But what if you have tests that fail to match one of the criteria above? If you absolutely need them (eg: your architecture forces you to have this really heavy setup, which kills part of your speed), then consider multiple build pipelines, one focused on CI (fast builds for fast feedback), the other focused on completeness (full tests, create build artifacts, etc). In this case, your deployment pipelines will use the output of this secondary pipeline, which is usually implemented as a nightly build.

Deployment/release pipelines

From a high-level perspective, this is what a deployment/release pipeline usually looks like:

  • Pull the build artifacts from the registry. Yes, this is where we get the output of the build pipeline.
  • Deploy them in the target environment. By far the most complex step in this flow, luckily for me not the focus of today’s post.
  • Tag the code again. This tag lets us know what got deployed where with a simple look in our source code.
  • Run health checks and tests. More about this below.
  • Monitor it. Like, monitor it real up close;

What sort of tests a team should run here?

  • Non data-impacting tests: tests that leave debris behind or that modify/delete existing data are not good candidates here. This restriction can mean a risk to your test relevance (eg: how can you check your upload functionality is working well?), but there are ways to mitigate that: you may be able to use a sample data set, even in prod (as in “here’s a sample blog post for you to play with”), you may have a test rollback strategy (risky business, so best used as a last resort) or you can have some prod data you saved just for this occasion.
  • Functional tests: if you are still doing a lot of mocking (seriously, dude, WTF?), this is not an option at this stage, as you now want to assert your system is up and running properly. You may stub some external services, in case you are deploying to a dev environment…
  • Front-end tests: while asserting your back-end is all nice and fine, this isn’t usually what the user sees, is it? So while some back-end tests may still make it into the final mix, the focus should be on tests that start at the UI level.
  • Contract tests: if you are exposing an API, you should consider using consumer-driven contracts. And while those tests can and should run in the build pipeline, this is also a good moment to assert your API is not breaking any consumer expectations (and avoid the release in case it does).
  • Exploratory tests: your system is up and running, for realz, and now it’s the moment to pull of the gloves and run the nastiest tests you can: those formulated by someone who’s really looking to break your system. Nope, this is not a suggestion for a quality last approach, but the recognition that some creative testing may go a long way in catching unthought-of scenarios.
  • UX tests: ok, things are running, but do they fit nicely? Did all those design decisions your team made work out? This is the moment to find out and leveraging practices such as private betas can go a long way into gathering real world feedback on the experience your system provides.
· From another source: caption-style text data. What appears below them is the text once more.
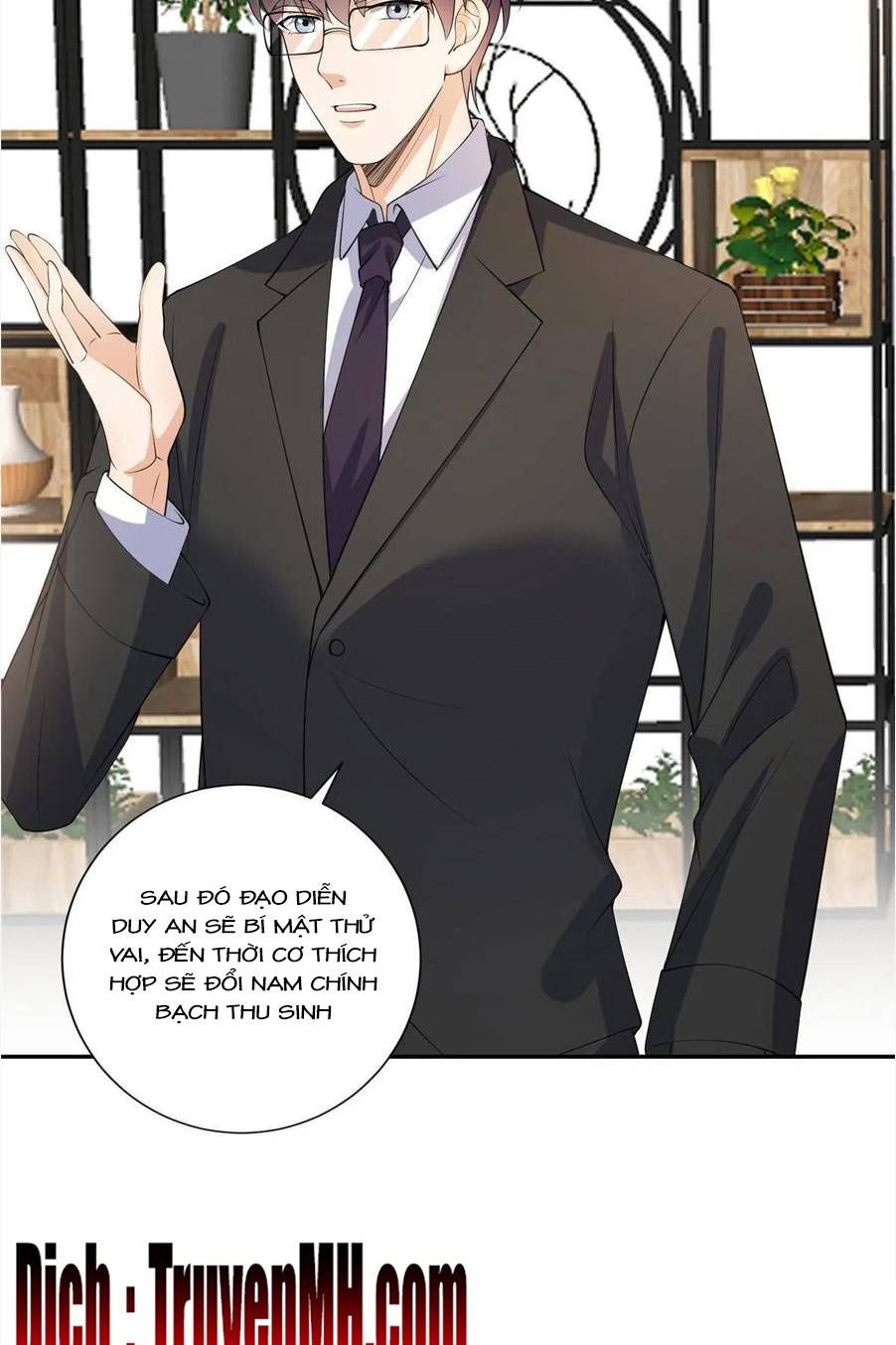 đọc truyện Ông Xã Kết Hôn Thử, Mạnh Thêm Chút Nữa Đi Chương 634 ảnh 8 tại Thiên Thai Truyện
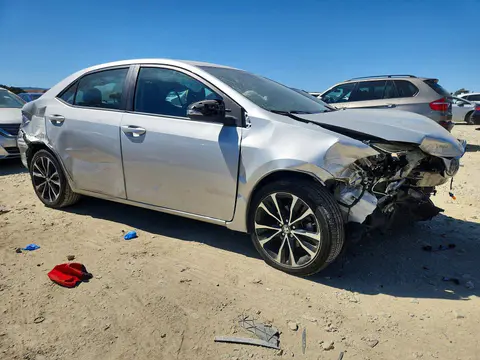 2019 Toyota Corolla VIN 5YFBURHEXKP882336 фото 4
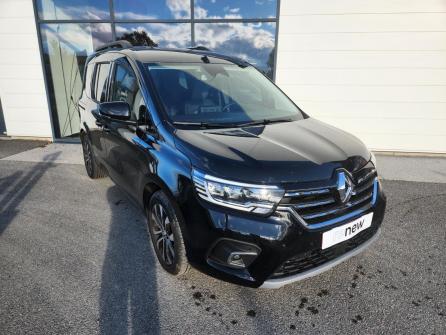 RENAULT Kangoo Blue dCi 95 Techno à vendre à Villefranche sur Saône - Image n°1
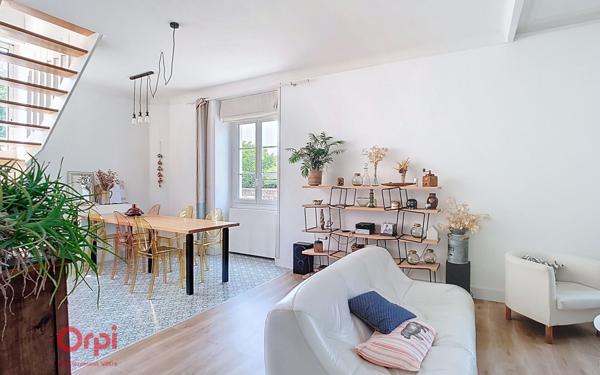 Maison à vendre    4 pièces • 92,38 m2 Nantes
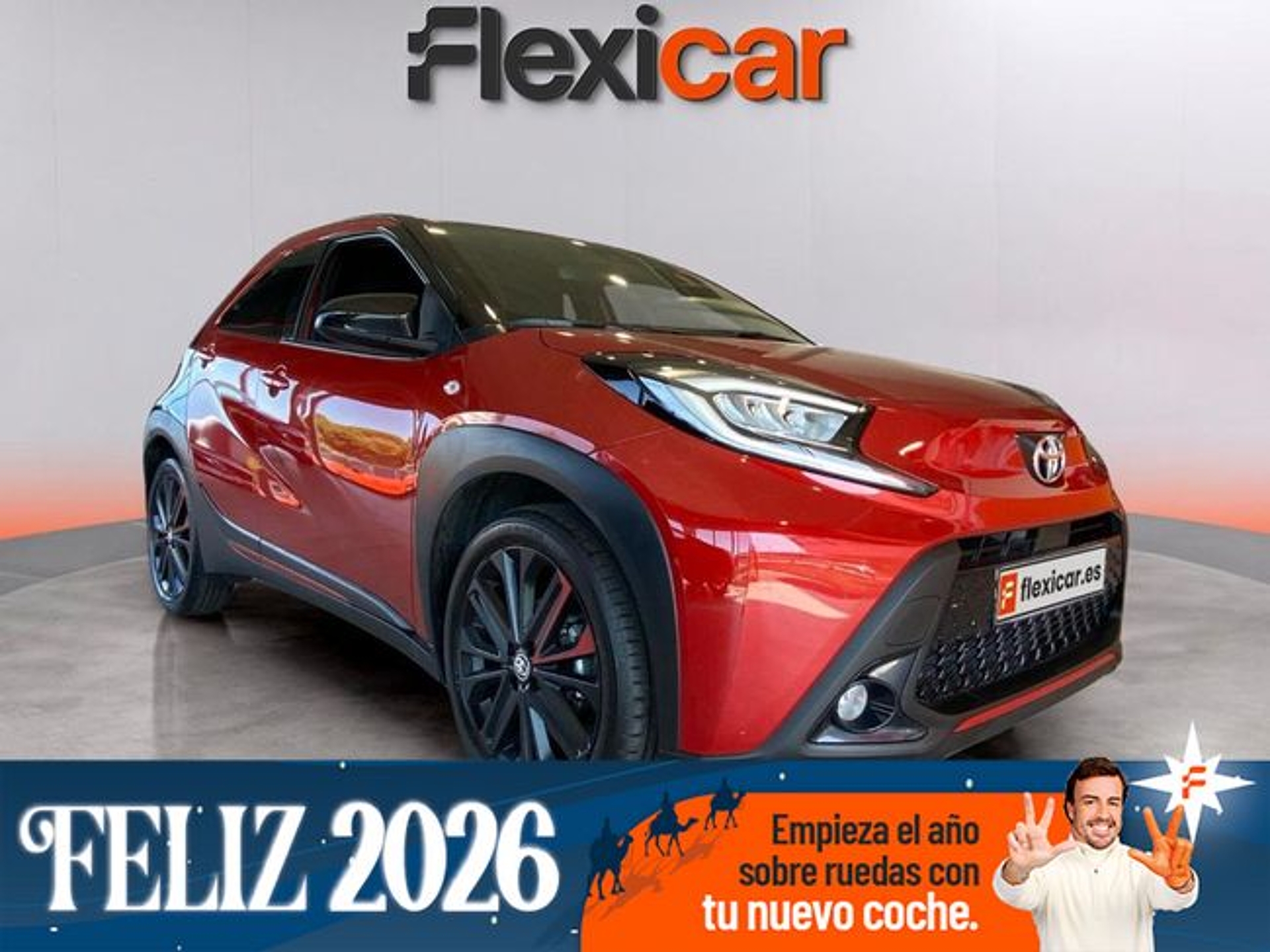 Imagen de TOYOTA Aygo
Please notice that contract, exploratory and UX tests are better done before a full-blown release (or be prepared to face the backslash). This can be achieved by either deploying first to a non-prod environment or a combination of techniques such as rolling deployments, A/B testing and feature toggles.

For the sake of simplicity, I merged the deployment and release pipelines, as many teams tend to do it. We might explore the difference between these two in a later post.